What’s the worst version of yourself? The moments you’re not proud of, the ones not shared on social media. Is it when you’re bitter, angry, sad, lonely or maybe like me, butthurt?
We tend to have a version of ourselves that we present to others. And then we have the other side. The parts of ourselves that we have shame or embarrassment around, because they are not as attractive for others, based on our conclusions from life so far.
The trick to emotional intimacy is, like for all other things, practice.
Why would we want to practice it? To accept that all emotions are good signals for us – they don’t need to be sorted into a list of good and bad emotions. And they don’t need to be shared with others as we practice. Learning the piano, we do have a go ourselves and the piano for a bit, before we take it to the concert hall, right?
As we get more aware of all of our emotions and allow them to show, they don’t scare us anymore – whether coming from ourselves or others.
Let’s get clear: getting intimate with our emotions is not about wallowing in them, creating dramas around them or suddenly bucketing them over others. It’s about putting on our explorer’s hat and with deep, innate curiosity, having a look at them, feeling them, getting to know them. As if you were practising scales on the piano.
That’s the way forward.
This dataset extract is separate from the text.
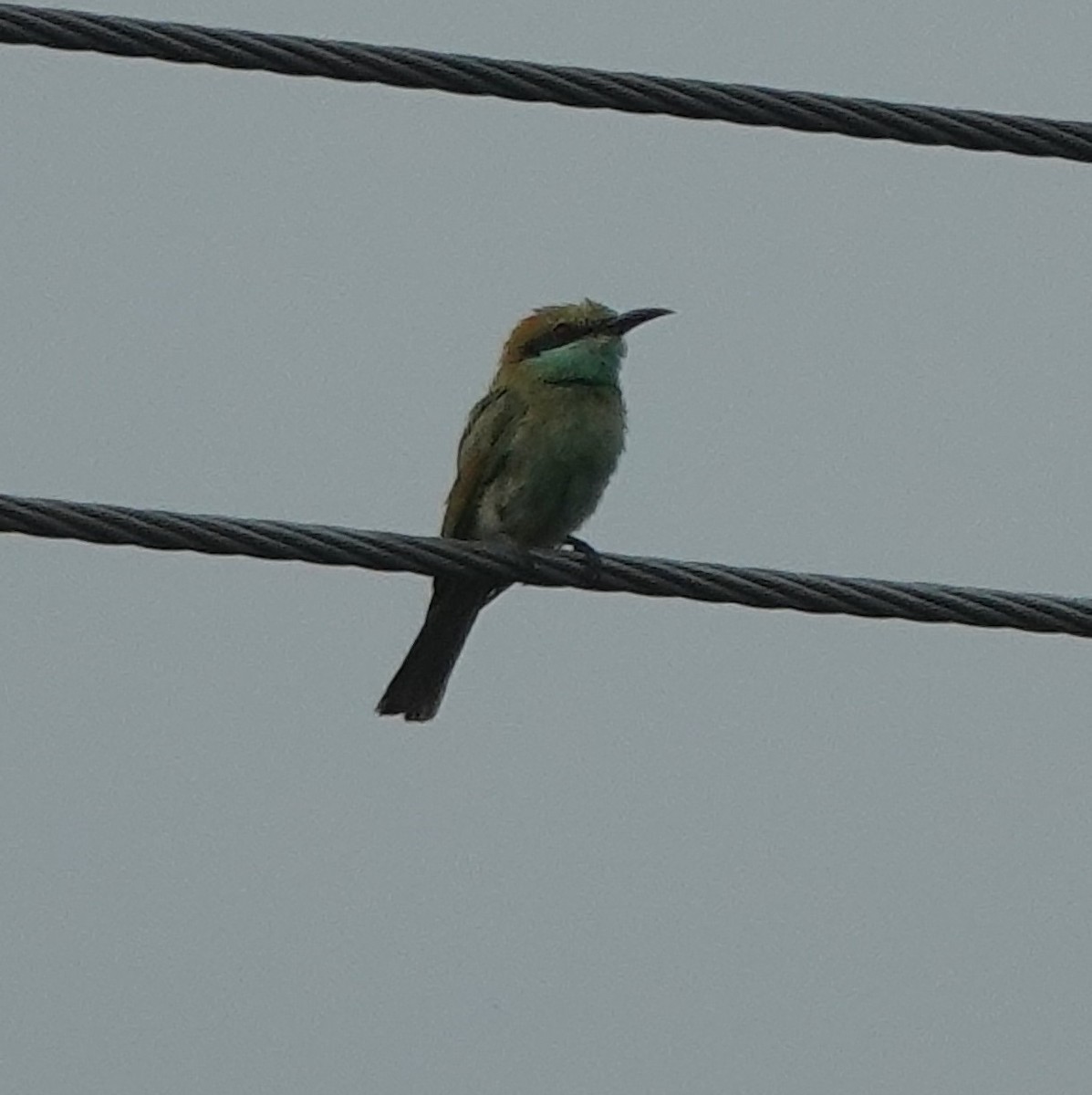 Asian Green Bee-eater - ML638541645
Instead of our usual way (all of us!) of hiding the emotions, pushing them away, pretending they’re not there, or being so afraid of them that we have stopped having them all together. Imagine learning to play the piano, but only allowing yourself to use three of the white keys? We would miss out on a lot.
Back to me. So, I noticed how the family mentioned me getting butthurt. The definition of butthurt is “overly or unjustifiably offended or resentful”. But more than expanding our emotional vocabulary by looking it up, it’s about exploring inwards with curiosity.
This is the exercise for you to do – with your “go-to-reactions” that are not serving you.
The 4 steps are:
- Name it (in this case: I feel butthurt!)
- Own it (ooops…. It’s not what they said or did. It’s MY feeling, my stuff coming up)
- FEEL it (give it some curious explorer’s hat time. What’s that really about, when I’m butthurt? How is my inner critic adding to the party? What is it I didn’t get in that moment that I would have liked to get? Where in the body can I feel it – how does it feel?)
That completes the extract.